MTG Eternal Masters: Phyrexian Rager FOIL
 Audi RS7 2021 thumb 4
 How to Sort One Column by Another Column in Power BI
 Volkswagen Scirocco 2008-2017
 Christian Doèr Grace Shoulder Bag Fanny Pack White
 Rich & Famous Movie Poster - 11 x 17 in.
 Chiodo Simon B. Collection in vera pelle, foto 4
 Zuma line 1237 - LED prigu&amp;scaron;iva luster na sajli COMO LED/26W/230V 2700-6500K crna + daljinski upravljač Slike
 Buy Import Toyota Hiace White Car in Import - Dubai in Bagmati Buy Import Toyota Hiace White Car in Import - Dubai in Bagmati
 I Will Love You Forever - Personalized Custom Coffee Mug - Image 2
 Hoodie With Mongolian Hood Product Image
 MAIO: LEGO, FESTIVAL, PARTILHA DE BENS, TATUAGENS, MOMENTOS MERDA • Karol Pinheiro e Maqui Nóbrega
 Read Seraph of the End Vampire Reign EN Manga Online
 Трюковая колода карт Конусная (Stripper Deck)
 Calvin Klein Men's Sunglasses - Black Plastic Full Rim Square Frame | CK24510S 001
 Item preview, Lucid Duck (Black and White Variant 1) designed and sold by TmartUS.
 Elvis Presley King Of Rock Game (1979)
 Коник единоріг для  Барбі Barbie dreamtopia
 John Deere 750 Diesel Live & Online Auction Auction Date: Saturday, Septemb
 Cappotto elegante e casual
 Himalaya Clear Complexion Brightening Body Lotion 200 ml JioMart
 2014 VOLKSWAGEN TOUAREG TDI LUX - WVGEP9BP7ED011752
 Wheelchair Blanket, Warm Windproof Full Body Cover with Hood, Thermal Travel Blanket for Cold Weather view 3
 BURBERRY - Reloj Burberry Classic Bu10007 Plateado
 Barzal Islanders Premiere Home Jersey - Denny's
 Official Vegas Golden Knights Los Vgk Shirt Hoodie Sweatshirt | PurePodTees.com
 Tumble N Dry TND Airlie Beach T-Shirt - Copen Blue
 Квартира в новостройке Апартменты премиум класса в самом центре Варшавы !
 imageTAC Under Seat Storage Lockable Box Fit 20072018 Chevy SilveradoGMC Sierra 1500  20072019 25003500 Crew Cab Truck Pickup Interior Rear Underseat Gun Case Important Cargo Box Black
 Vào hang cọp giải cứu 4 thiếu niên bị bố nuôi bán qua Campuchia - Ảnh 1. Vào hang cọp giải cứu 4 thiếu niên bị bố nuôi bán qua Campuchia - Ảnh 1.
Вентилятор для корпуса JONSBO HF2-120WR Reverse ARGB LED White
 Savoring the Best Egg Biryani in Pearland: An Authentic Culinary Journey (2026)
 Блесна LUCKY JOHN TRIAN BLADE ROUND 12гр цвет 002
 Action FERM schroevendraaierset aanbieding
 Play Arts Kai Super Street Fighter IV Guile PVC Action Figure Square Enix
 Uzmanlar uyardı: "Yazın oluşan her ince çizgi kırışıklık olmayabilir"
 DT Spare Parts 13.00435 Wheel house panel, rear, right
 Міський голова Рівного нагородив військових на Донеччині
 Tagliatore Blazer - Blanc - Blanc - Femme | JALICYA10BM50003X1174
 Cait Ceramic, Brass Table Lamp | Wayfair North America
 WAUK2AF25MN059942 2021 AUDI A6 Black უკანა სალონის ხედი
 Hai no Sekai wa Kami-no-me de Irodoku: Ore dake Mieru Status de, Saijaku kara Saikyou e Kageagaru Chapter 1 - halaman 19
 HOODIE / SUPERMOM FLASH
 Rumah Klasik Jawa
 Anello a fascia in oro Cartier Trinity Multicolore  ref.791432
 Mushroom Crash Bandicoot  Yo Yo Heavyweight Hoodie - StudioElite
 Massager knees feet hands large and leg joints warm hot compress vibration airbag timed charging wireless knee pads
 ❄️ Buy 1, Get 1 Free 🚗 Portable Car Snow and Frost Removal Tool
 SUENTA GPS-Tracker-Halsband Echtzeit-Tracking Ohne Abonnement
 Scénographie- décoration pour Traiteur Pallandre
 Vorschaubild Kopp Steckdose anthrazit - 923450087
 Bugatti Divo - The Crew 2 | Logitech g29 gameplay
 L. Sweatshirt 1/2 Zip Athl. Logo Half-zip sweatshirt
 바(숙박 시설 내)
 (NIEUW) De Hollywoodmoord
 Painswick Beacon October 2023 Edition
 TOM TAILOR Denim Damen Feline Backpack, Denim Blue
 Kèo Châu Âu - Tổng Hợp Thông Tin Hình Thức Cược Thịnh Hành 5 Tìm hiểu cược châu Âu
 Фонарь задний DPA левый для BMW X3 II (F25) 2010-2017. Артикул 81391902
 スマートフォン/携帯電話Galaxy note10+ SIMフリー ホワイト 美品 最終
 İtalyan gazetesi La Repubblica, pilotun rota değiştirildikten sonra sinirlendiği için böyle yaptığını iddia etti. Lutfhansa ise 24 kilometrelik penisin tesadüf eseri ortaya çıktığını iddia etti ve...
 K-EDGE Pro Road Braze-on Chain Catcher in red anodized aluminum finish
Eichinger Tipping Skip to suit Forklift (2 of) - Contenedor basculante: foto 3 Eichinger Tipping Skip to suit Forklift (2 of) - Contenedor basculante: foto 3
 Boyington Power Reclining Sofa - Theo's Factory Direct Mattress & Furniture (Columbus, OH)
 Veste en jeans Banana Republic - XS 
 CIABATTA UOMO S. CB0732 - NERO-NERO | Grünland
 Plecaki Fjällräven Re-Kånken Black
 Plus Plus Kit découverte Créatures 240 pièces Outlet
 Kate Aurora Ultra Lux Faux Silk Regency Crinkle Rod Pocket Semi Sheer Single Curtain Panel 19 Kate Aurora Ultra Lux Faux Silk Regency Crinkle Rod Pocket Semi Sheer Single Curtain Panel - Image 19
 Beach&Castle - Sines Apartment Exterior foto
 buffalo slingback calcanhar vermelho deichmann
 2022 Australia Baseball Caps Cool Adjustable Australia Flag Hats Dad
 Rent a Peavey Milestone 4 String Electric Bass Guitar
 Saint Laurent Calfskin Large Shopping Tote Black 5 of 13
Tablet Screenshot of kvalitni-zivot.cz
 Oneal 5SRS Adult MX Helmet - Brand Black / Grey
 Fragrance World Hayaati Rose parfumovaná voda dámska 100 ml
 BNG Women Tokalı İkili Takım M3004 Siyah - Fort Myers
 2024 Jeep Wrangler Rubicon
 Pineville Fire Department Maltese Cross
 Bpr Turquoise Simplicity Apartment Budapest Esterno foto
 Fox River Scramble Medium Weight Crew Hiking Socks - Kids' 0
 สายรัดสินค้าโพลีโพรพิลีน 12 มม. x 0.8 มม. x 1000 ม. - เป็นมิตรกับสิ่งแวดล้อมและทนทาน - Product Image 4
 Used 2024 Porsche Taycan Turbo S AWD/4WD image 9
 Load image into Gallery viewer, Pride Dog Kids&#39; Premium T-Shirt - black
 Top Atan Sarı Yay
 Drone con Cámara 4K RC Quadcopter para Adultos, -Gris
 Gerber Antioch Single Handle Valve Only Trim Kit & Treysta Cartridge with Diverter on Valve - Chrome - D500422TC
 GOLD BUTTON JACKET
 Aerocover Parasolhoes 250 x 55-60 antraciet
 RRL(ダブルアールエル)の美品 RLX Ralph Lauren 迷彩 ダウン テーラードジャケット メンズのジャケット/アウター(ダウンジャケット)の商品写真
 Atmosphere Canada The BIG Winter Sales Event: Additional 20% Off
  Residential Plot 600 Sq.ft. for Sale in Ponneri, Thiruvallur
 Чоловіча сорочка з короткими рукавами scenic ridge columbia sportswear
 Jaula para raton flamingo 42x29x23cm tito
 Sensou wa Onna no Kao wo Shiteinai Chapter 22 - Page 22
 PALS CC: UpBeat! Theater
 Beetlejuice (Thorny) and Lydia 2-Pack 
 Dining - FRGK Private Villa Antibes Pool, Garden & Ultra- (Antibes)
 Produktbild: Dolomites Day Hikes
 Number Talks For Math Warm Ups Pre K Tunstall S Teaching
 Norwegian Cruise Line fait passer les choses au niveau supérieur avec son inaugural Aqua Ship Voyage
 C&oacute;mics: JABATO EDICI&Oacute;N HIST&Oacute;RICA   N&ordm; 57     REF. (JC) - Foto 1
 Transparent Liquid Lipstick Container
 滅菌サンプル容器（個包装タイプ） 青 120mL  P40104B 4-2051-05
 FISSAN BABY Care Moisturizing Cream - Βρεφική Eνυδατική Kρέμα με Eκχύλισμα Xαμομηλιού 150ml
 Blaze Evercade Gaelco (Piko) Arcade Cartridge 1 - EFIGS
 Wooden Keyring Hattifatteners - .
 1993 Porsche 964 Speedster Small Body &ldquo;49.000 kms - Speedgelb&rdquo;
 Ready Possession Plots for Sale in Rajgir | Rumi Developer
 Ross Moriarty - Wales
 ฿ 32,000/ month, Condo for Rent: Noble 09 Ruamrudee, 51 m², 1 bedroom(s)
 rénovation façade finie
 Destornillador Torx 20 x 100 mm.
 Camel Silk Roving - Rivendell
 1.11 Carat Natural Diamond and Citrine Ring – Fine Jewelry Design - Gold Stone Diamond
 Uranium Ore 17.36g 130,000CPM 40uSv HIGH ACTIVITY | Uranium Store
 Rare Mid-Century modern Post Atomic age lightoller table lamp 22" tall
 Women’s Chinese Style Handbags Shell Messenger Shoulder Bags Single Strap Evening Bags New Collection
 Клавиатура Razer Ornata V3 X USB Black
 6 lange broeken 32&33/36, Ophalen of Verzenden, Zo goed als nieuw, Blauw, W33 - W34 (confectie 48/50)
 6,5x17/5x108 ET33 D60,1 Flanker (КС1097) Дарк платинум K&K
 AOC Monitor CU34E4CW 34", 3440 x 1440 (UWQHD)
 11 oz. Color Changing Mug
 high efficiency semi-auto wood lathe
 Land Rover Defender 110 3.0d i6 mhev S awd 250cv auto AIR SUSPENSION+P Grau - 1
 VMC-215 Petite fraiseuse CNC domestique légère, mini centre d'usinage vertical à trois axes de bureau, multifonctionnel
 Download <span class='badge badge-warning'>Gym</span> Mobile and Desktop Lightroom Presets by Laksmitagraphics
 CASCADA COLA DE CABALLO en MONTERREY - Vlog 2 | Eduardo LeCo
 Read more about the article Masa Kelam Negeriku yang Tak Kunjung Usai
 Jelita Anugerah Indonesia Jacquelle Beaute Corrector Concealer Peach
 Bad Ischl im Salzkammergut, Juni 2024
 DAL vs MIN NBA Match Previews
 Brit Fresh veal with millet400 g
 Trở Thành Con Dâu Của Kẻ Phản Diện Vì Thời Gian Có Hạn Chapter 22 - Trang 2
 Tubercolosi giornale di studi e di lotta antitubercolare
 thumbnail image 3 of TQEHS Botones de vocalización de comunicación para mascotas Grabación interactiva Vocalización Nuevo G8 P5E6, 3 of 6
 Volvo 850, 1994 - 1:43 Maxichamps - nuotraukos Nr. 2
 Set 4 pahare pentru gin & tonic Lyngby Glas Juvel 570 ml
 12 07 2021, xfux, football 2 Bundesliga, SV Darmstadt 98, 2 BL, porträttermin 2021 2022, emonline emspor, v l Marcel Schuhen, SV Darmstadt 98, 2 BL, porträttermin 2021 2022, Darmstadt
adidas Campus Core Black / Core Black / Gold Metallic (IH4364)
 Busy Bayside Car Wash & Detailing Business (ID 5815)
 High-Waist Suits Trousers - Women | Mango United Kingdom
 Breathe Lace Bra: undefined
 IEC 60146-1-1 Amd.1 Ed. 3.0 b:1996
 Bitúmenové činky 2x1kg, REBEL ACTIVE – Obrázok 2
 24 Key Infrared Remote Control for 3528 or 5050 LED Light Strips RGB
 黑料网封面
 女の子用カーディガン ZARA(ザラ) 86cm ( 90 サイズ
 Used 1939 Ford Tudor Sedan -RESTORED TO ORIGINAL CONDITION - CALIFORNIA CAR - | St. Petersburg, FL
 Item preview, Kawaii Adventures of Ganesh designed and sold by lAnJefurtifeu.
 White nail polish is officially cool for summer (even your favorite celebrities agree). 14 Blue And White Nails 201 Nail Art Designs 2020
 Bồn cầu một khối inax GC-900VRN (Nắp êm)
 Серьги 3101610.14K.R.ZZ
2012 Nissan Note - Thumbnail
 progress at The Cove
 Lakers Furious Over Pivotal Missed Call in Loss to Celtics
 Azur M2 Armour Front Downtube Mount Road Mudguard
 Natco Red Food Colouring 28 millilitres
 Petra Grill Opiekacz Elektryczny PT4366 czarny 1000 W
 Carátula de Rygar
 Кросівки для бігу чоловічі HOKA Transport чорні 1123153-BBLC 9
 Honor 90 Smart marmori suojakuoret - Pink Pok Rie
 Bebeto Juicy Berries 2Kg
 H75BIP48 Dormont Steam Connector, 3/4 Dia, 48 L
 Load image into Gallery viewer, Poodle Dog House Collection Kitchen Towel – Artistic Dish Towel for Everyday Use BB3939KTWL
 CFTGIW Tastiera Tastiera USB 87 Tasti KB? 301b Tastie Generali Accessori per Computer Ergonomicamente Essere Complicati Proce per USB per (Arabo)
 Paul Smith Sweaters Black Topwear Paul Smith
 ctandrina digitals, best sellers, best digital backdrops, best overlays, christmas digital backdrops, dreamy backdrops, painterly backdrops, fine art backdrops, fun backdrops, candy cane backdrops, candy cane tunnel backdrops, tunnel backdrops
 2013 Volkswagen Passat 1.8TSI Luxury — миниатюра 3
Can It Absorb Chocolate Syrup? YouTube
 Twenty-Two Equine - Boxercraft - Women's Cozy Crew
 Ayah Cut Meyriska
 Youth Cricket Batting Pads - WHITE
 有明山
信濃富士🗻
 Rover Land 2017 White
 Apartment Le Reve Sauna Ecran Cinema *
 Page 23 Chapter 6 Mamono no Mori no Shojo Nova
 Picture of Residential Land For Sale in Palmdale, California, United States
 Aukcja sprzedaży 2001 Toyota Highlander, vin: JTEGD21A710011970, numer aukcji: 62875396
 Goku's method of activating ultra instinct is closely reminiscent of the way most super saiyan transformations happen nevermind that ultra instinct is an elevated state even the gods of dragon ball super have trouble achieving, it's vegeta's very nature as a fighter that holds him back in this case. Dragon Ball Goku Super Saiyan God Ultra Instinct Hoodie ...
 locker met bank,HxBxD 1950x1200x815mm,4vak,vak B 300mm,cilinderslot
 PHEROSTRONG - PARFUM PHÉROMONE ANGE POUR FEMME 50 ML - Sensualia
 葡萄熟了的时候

-=-=-=-=-

(EXERCISE):
What you return should be the lines from the start of the data through the line with "Cappotto elegante e casual", quoted exactly and nothing more.

(TASK SOLUTION):
MTG Eternal Masters: Phyrexian Rager FOIL
 Audi RS7 2021 thumb 4
 How to Sort One Column by Another Column in Power BI
 Volkswagen Scirocco 2008-2017
 Christian Doèr Grace Shoulder Bag Fanny Pack White
 Rich & Famous Movie Poster - 11 x 17 in.
 Chiodo Simon B. Collection in vera pelle, foto 4
 Zuma line 1237 - LED prigu&amp;scaron;iva luster na sajli COMO LED/26W/230V 2700-6500K crna + daljinski upravljač Slike
 Buy Import Toyota Hiace White Car in Import - Dubai in Bagmati Buy Import Toyota Hiace White Car in Import - Dubai in Bagmati
 I Will Love You Forever - Personalized Custom Coffee Mug - Image 2
 Hoodie With Mongolian Hood Product Image
 MAIO: LEGO, FESTIVAL, PARTILHA DE BENS, TATUAGENS, MOMENTOS MERDA • Karol Pinheiro e Maqui Nóbrega
 Read Seraph of the End Vampire Reign EN Manga Online
 Трюковая колода карт Конусная (Stripper Deck)
 Calvin Klein Men's Sunglasses - Black Plastic Full Rim Square Frame | CK24510S 001
 Item preview, Lucid Duck (Black and White Variant 1) designed and sold by TmartUS.
 Elvis Presley King Of Rock Game (1979)
 Коник единоріг для  Барбі Barbie dreamtopia
 John Deere 750 Diesel Live & Online Auction Auction Date: Saturday, Septemb
 Cappotto elegante e casual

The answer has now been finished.